Now we will create a video and play it inside the Kaggle notebook.

### Set Parameters

Edit the following parameters according to your data:

In [None]:
# Video parameters - Change these according to your data
VIDEO_ID = "44566106"  # Video ID you want to render
LAB_ID = None  # If there are multiple labs, write lab_id here, otherwise leave None

# File paths 
METADATA_CSV = Path("/kaggle/input/MABe-mouse-behavior-detection/train.csv")
TRACKING_ROOT = Path("/kaggle/input/MABe-mouse-behavior-detection/train_tracking")
ANNOTATION_ROOT = Path("/kaggle/input/MABe-mouse-behavior-detection/train_annotation")

# Output file
OUTPUT_VIDEO = Path(f"video_{VIDEO_ID}.mp4")

# Rendering settings
FRAME_SKIP = 1  # Render every N frames (1 = every frame)
RADIUS = 4  # Diameter of body part points
THICKNESS = -1  # Circle thickness (-1 = filled)
DRAW_ANNOTATIONS = True  # Show behavior information

print("Parameters set")
print(f"Video ID: {VIDEO_ID}")
print(f"Output file: {OUTPUT_VIDEO}")

### Load Metadata

We read video information from the CSV file.

In [None]:
metadata = load_metadata(METADATA_CSV, VIDEO_ID, LAB_ID)

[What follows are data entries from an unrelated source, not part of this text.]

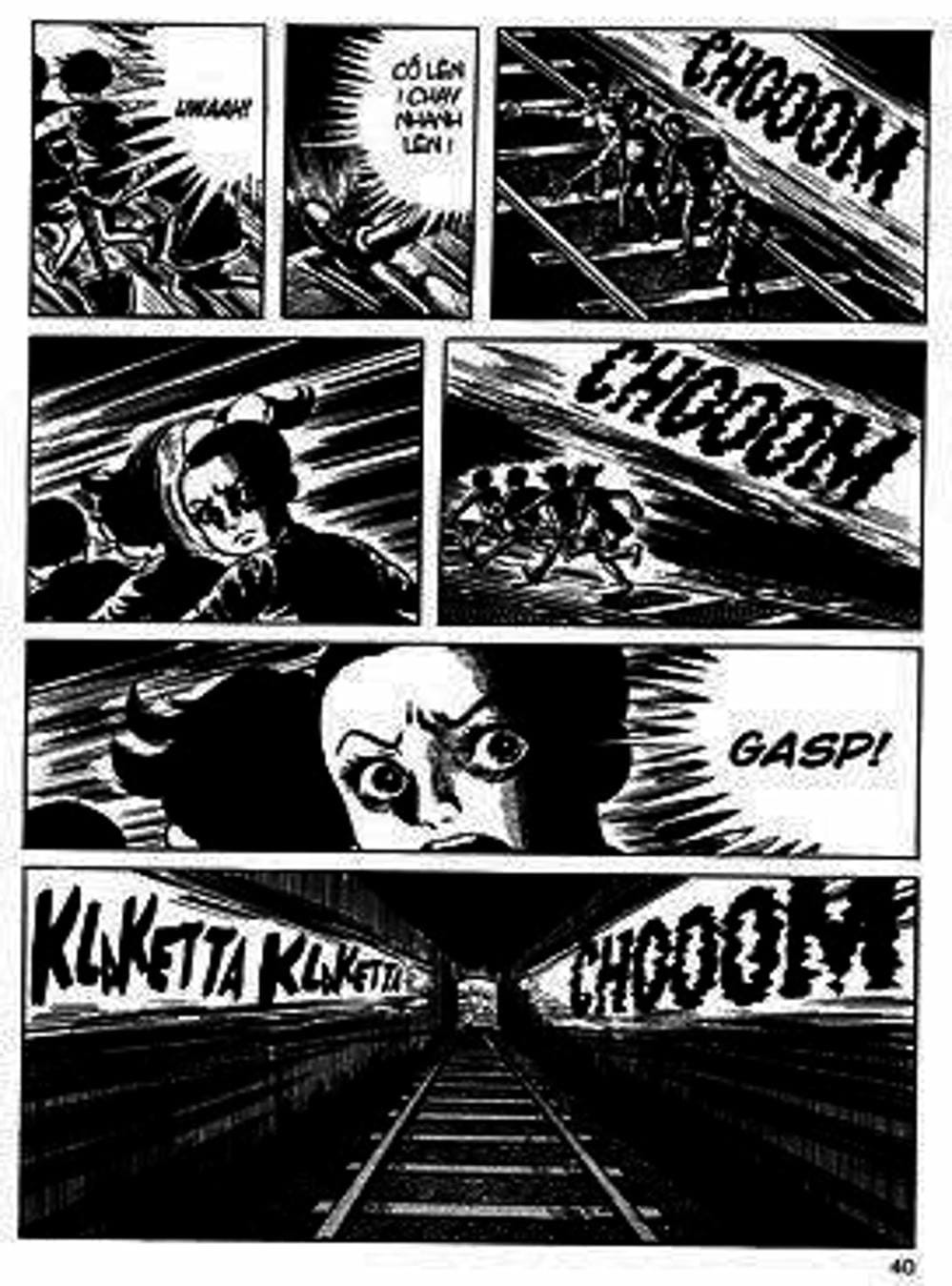 Truyện Tranh Lớp Học Phiêu Lưu - Drifting Classroom trang 5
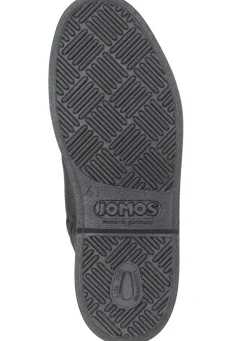 New GINO GALANTE , gefütterte Herren-Stiefel, Winterschuhe, mit Lammfell SCHWARZ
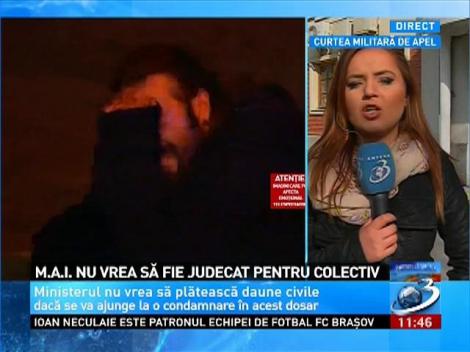 M.A.I. nu vrea să fie judecat pentru Colectiv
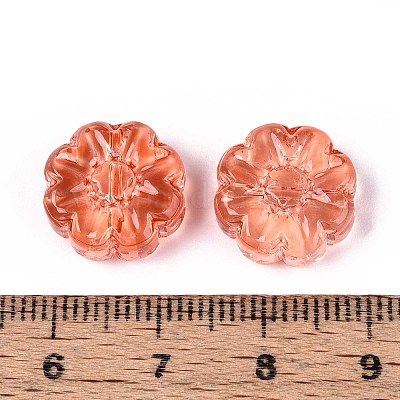 Стеклянные бусины GLAA-D303-03D-1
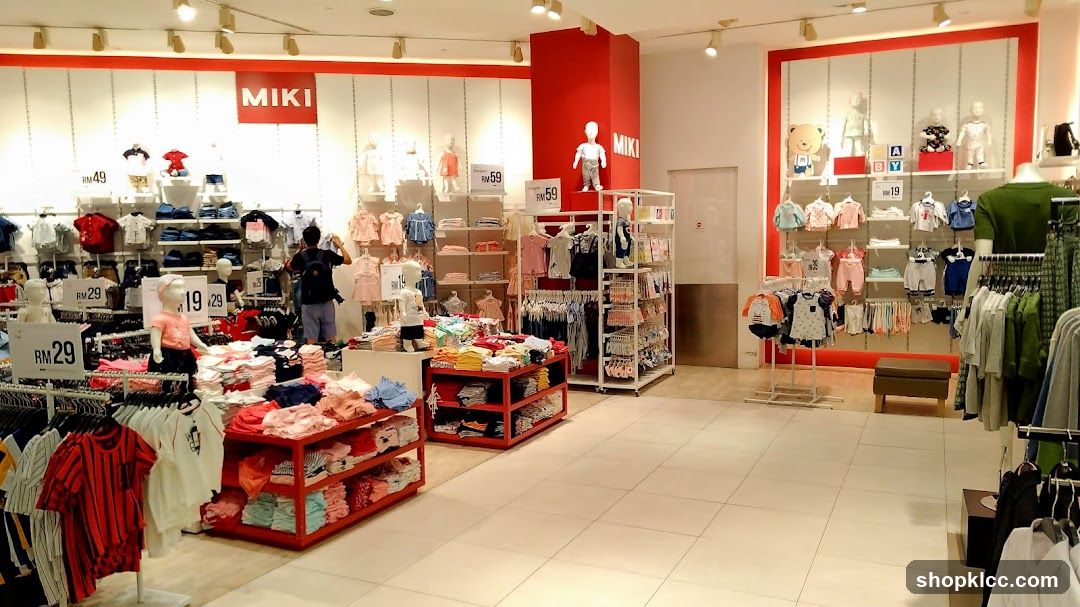 Children's Clothing Store Interior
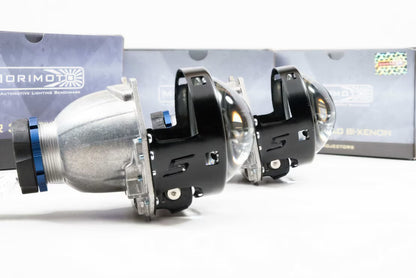 Bi-Xenon: Morimoto Mini D2S 5.0 Headlight Projector Retrofit 3" LHD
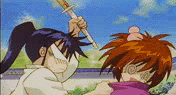 Beating Kenshin. Oroo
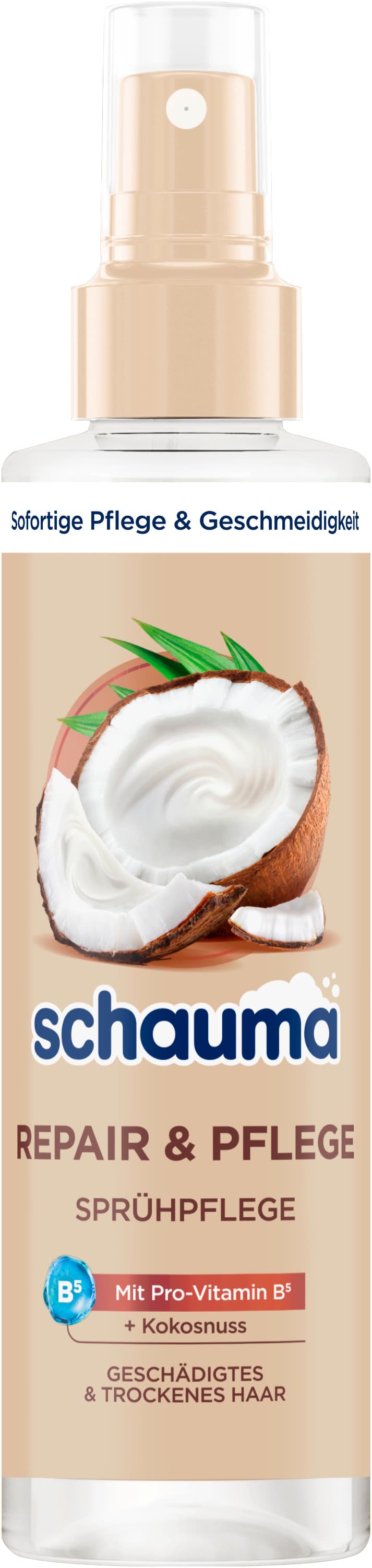SCHAUMA Sprühpflege Repair & Pflege – Sofortige Pflege & Geschmeidigkeit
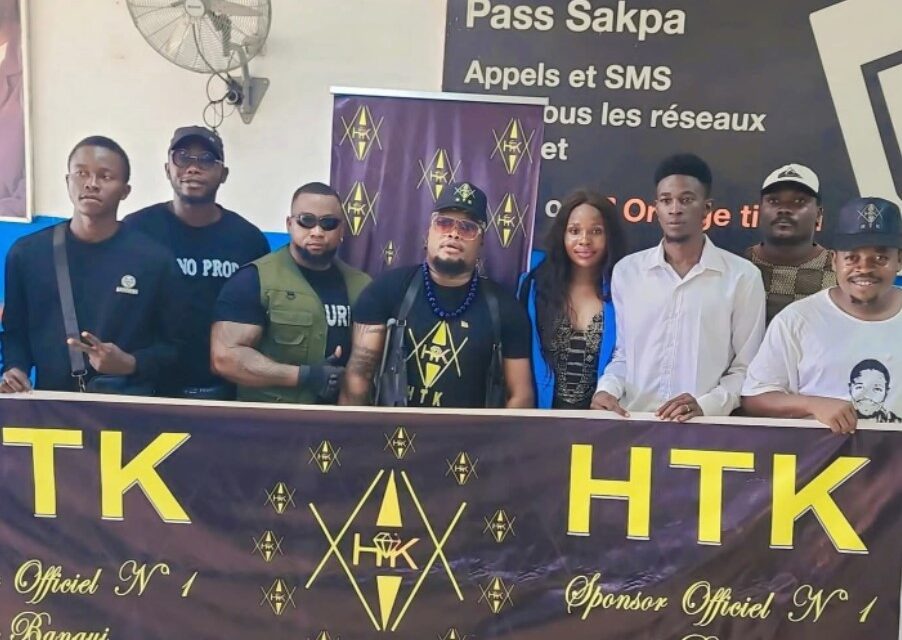 Centrafrique : l’artiste Beach Man en voyage au Congo-Brazzaville pour finaliser son nouvel album Focus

print(f"Metadata loaded successfully:")
print(f"  Lab ID: {metadata.lab_id}")
print(f"  Video ID: {metadata.video_id}")
print(f"  FPS: {metadata.fps}")
print(f"  Dimensions: {metadata.width}x{metadata.height} pixels")

### Determine File Paths

We create paths for tracking and annotation parquet files.

In [None]:
tracking_path = TRACKING_ROOT / metadata.lab_id / f"{metadata.video_id}.parquet"
annotation_path = ANNOTATION_ROOT / metadata.lab_id / f"{metadata.video_id}.parquet"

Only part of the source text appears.